Different Children, Different Needs by Dr. Charles F. Boyd

Different Children, Different Needs by Dr. Charles F. Boyd

Author:Dr. Charles F. Boyd [Boyd, Dr. F. Charles]
Language: eng
Format: epub
ISBN: 978-0-307-56874-8
Publisher: The Crown Publishing Group
Published: 2012-06-06T00:00:00+00:00


ADJUSTING YOUR PARENTING STYLE

The very thought of adapting your parenting style to different children may seem impossible. After all, isn’t it your “natural” style? It’s important to realize that I do not mean becoming a different person. You cannot change your basic, God-given nature. But you can voluntarily and temporarily adjust your behavior in order to meet other people’s needs, to build a mutually satisfying relationship.

Many people simply need to understand another person’s behavioral style. Then, if they find they need to make adjustments, they manage to do it.

Other people may be able to make the adjustments but are not willing to do so. Perhaps they are too selfish to make the necessary commitment to develop a mature relationship. Perhaps they’re lazy. Either way, the relationship moves toward isolation and a feeling of emotional distance.

Still others are willing to make adjustments, but are not able to. It may be that something in their background is preventing them from expressing the kind of love another family member needs. Or they may lack emotional maturity or training in social skills. These people may need extra help, or even counseling.

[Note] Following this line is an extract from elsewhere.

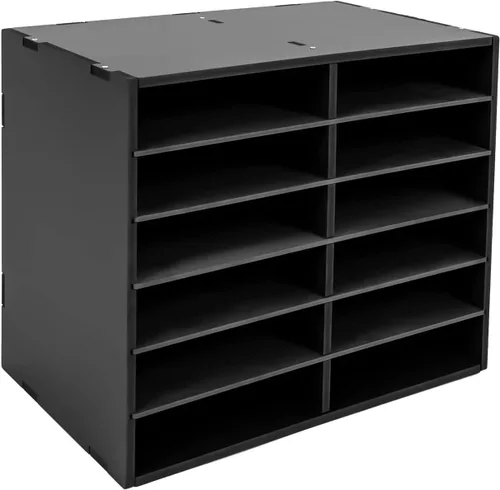 Vista 6 de Organizador de literatura, moderno organizador de literatura de escritorio de PVC, 12 ranuras, organizador de buzón de literatura rectangular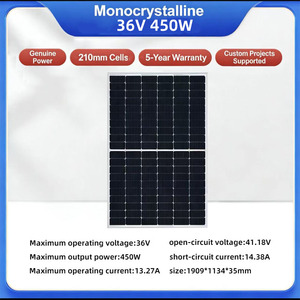 แผงโซลาร์เซลล์แบบยืดหยุ่น 450W โมโนคริสตัลไลน์ซิลิคอน 36V ระบบแปลงพลังงานที่เป็นมิตรต่อสิ่งแวดล้อม - Product Image 1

But if you are reading this book, you probably are willing to give it a try. If that’s the case, I have some suggestions for how to adjust your parenting style:

1. Recognize how your personal perceptions confuse, color, or cloud critical people issues. Most problems in human relations stem from a difference in perception—two or more people viewing the same situation in different ways.

Your perceptions about your children will be influenced by your needs and values, your self-concept, past experiences, prejudices, likes, and dislikes. And, yes, it will be influenced by your behavioral style. In some cases these personal perceptions can be helpful. If you believe what the Bible says about the natural selfishness of human beings, this value will influence how you approach your two young children when they are fighting over which television show to watch, and each gives a different story about whose turn it is to choose.

These perceptions can also hinder you. In some cases, your behavioral style will prevent you from understanding the true nature of a conflict. Your perceptions can prevent you from responding properly to different situations. They influence your expectations of what you want from your children and from others. Mostly, they prevent you from understanding why others behave as they do.

Bill’s natural Directive style, which serves him so well as chief executive officer in a West Coast Fortune 500 company, doesn’t work so well with his ten-year-old son, Kirk. A high “I,” Kirk thrives on people interaction, rather than on completing tasks.

At home, Bill has come up with a list of daily chores for Kirk to complete. He directs Kirk like he directs people at the office. Bill wants to tell Kirk what to do, and then he expects Kirk to finish the job on his own. After all, that’s how Bill operates. He likes it when his own boss tells him what to do and then gets out of the way.